Да, Луций, это так. Моя глубинная связь с этим фракийским гладиатором столь же необъяснима, как и необъяснима моя страсть к Сфинге. Ведь были — да, были клянусь Юпитером! — даже в самые блаженные часы мои были мгновения, когда разум мой кричал: «Остановись!» — но я не слушался разума и ликовал от сознания собственного непослушания. Я говорил себе, что есть нечто более сильное, чем разум: я сознательно ослеплял себя, подобно Эдипу, чтобы зреть иной, дивный мир, недоступный зрячему, недоступный разумному. ????? ?? ????? ?????? ???????? ?????????? ????? [222]. Но правы сицилийцы: здесь на острове одноглазых исполинов высшей карой богов является лишение зрения. Всех богов — и туземных, и греческих, и наших.
А другая страсть, разрывавшая меня, вопреки всякому здравому смыслу, — Спартак, пытавшийся разорвать сеть наших легионов — Красса, Помпея и твоего брата Марка. Тот фракийский юноша из нашей с тобой юности в Капуе, пытавшийся разорвать сеть ретиария. Случайно ли то, что, получив удар от Эвдемонии, я полз по полу, чувствуя в боку тройную рану от трезубца?

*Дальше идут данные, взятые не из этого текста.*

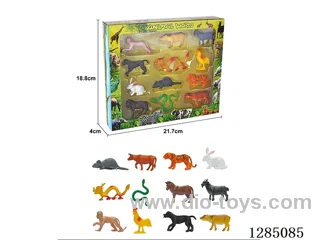 Small Chinese Zodiac Animals (12PCS) with Window Display Box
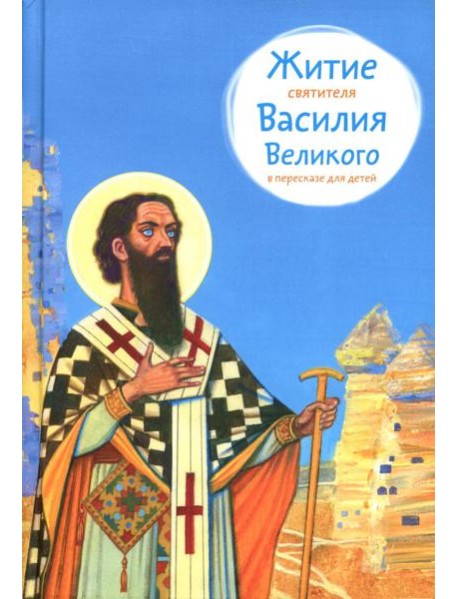 Житие свт. Василия Великого в пересказе для детей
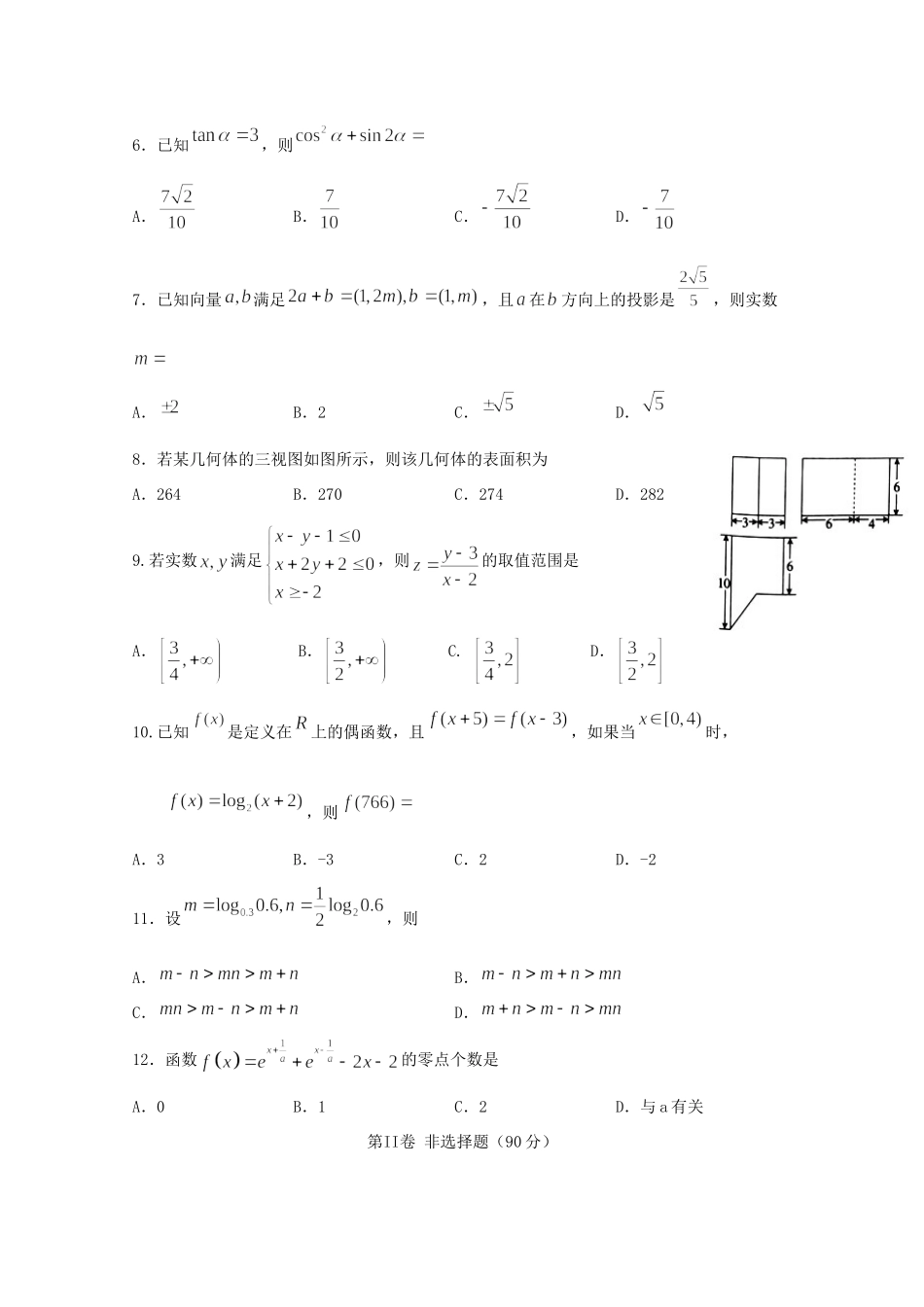 高三数学5月第三次模拟考试考试卷 文考试卷_第2页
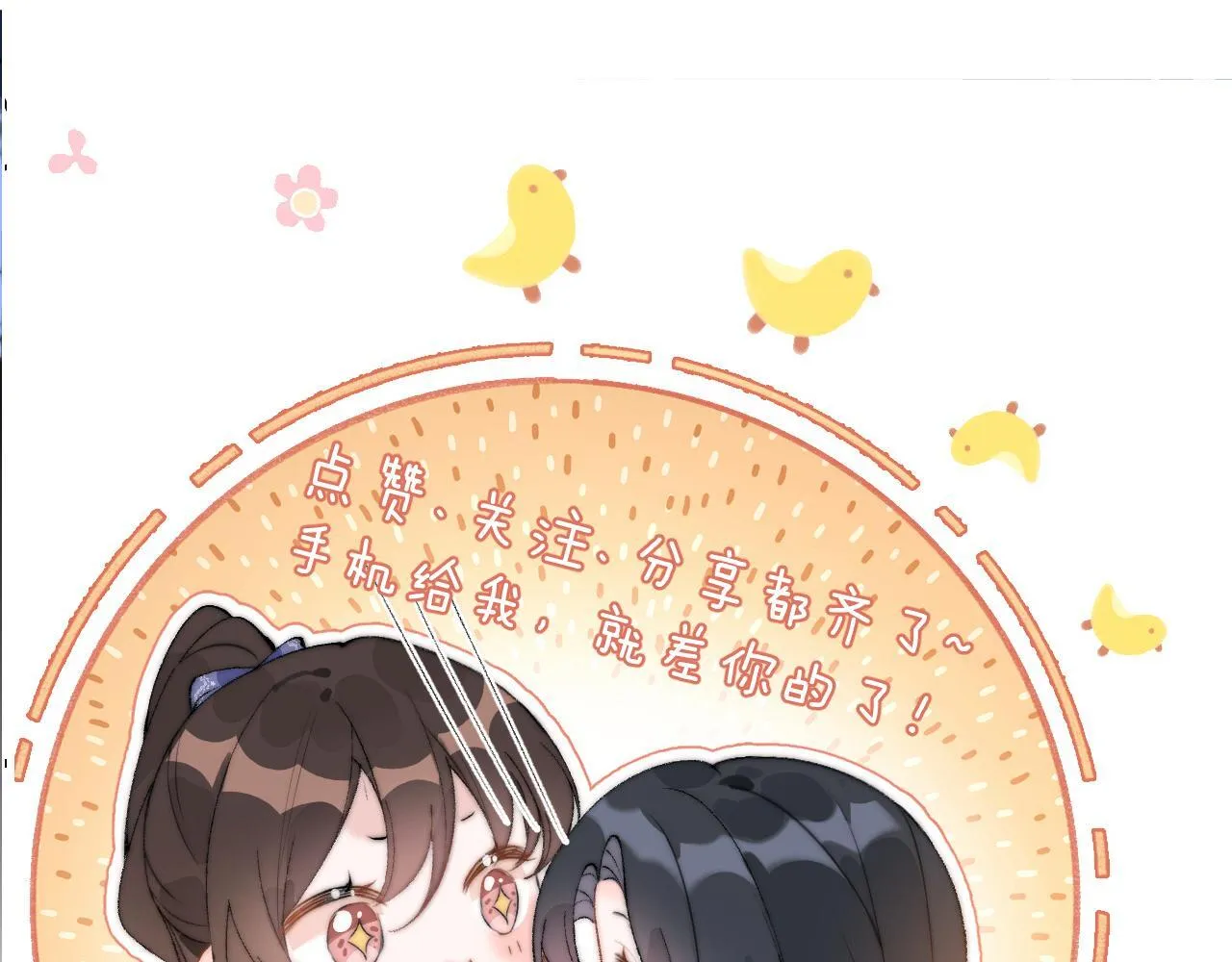 第34话 擦不掉，躲不开103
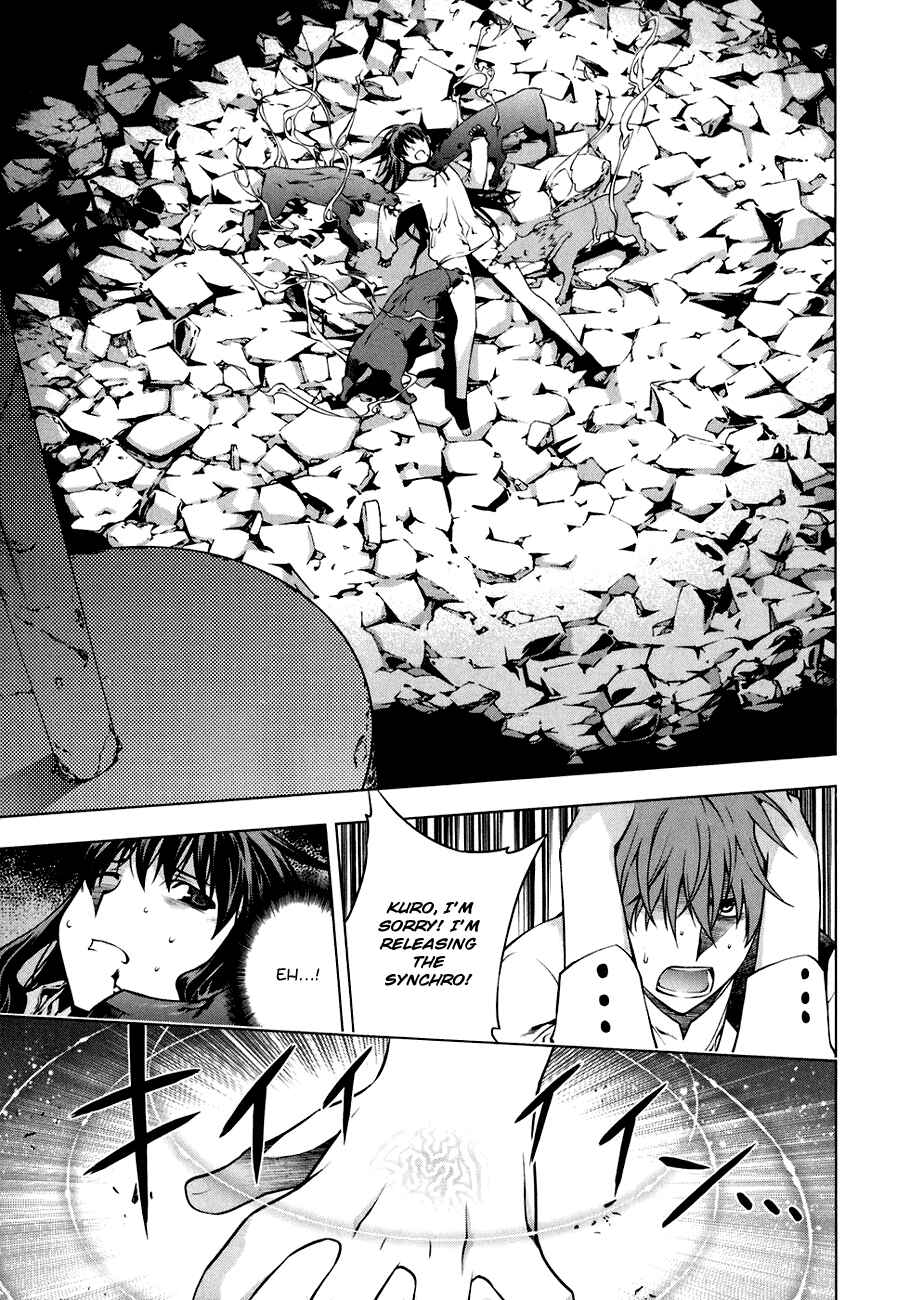 Page 1 Chapter 46 Kurokami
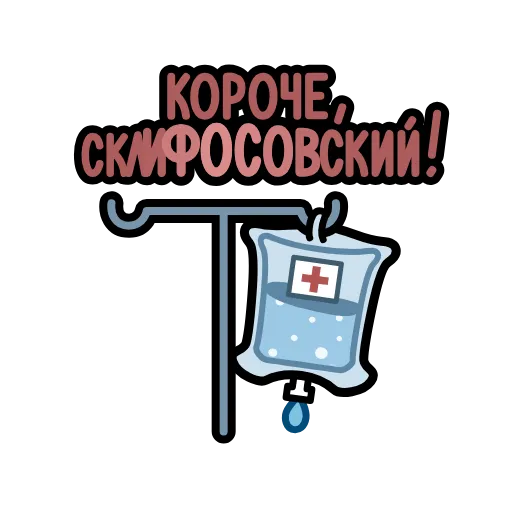 ⭐ Стикер «Крылатые фразы» для Telegram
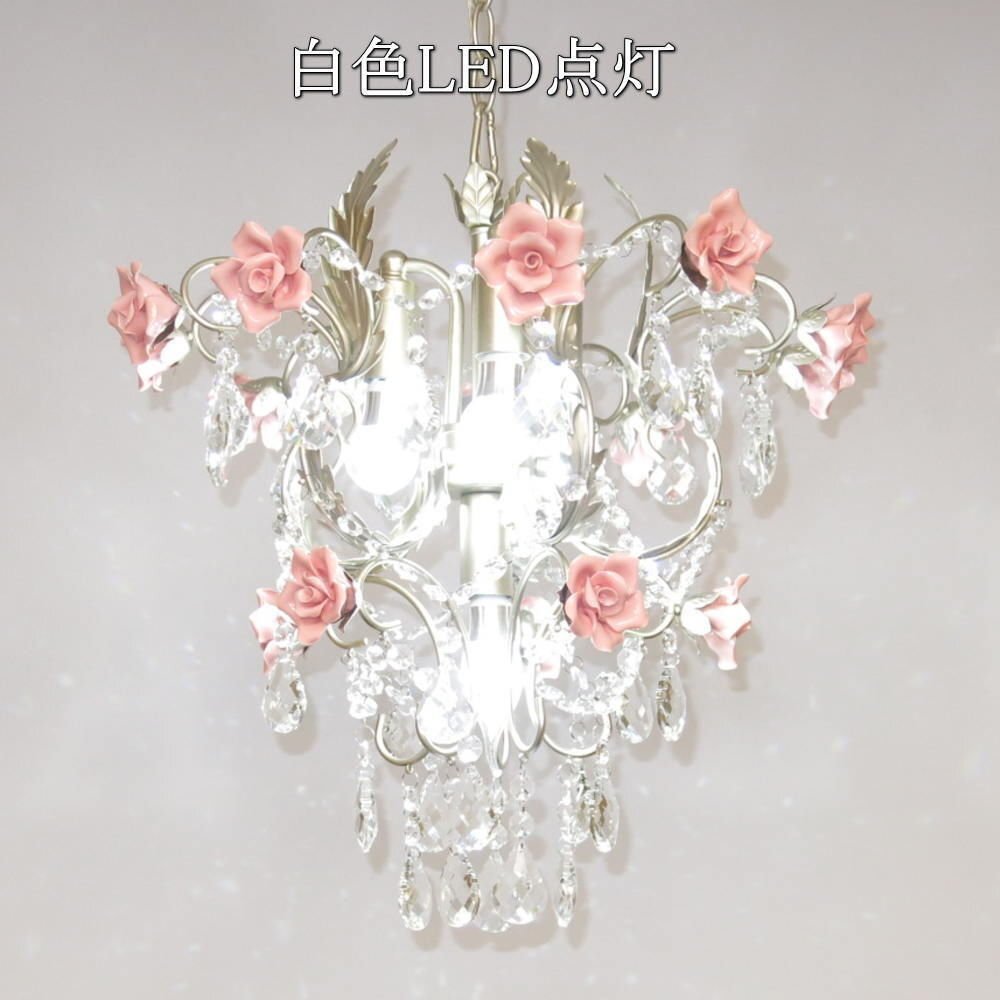 【LED付き！】 新品 薔薇モチーフ LED 4燈 シャンデリア 調(diào)光可能 高さ調(diào)整可 引掛シーリング対応 シーリングライト 安い 北歐 可愛(ài)い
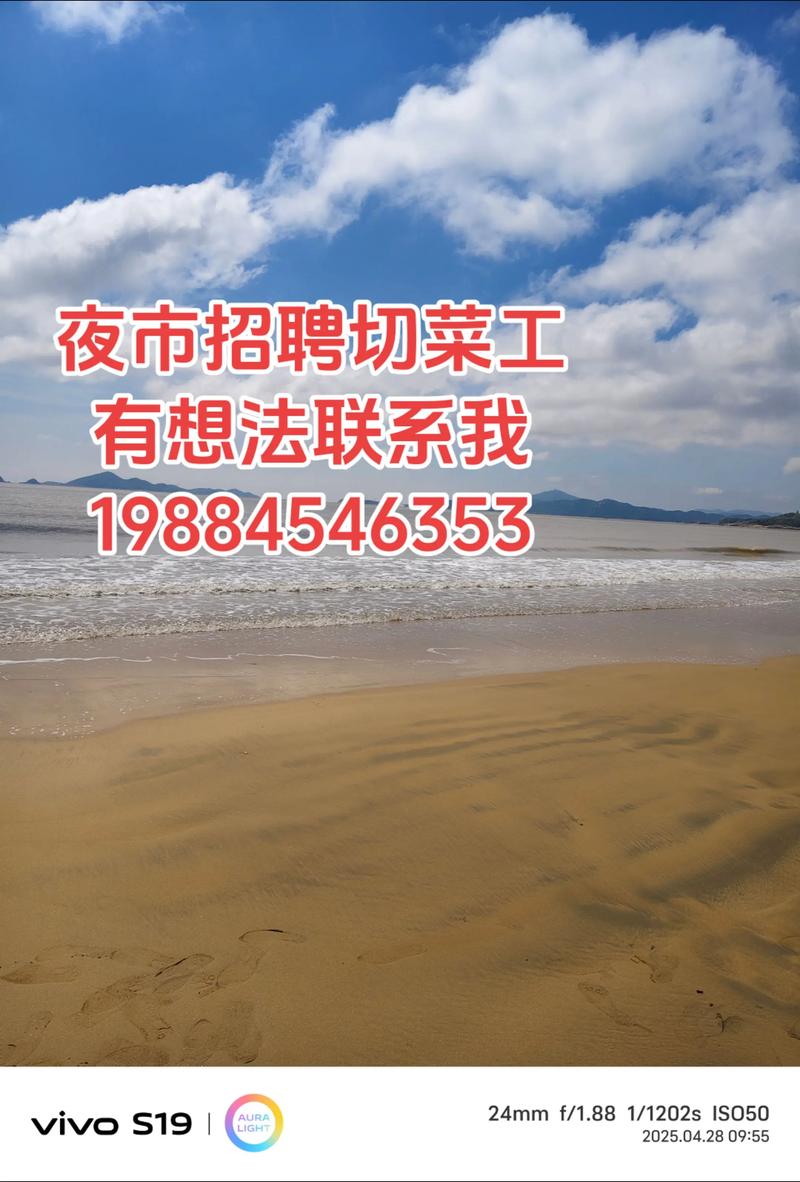 deform切削招聘,deform切削招聘,技能与岗位如何匹配?-图1 deform切削招聘,deform切削招聘,技能与岗位如何匹配?-图1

Не были ли эти две столь непохожие друг на друга сети — любовная сеть и сеть суровой судьбы, уготованной восставшим, — не были ли обе эти сети попросту разными участками одной единой, некоей всеобщей сети, имя которой — Рок Человеческий, и которую набрасывает на людей некий грозный бог, словно этрусский Харун в тех первых — этрусских и кампанских боях гладиаторов?
Разгром Спартака, так долго желаемый мной и оказавшийся вдруг столь абсурдно болезненным, — вот та боль, которая помогла заглушить боль, причиненную мне Сфингой, лишив ее смертоносности.
Чем был для меня разгром Спартака? Я ведь не видел его, находясь здесь, на Сицилии. Я знаю о нем только из краткого письма Марка да еще из каких-то слухов, обычно искажающих истину. К тому же тело Спартака так и не опознали среди павших. А, может быть, он и не убит? Может быть, он спасся и находится сейчас в одном из множества тех мелких отрядов уцелевших рабов, которые рассыпались по всему югу Италии и не только, словно искры разметанного пожара, готовые еще вспыхнуть новым, не менее грозным пламенем? Непомерно честолюбивый Помпей с гордостью пишет Сенату, что постепенно гасит эти искры.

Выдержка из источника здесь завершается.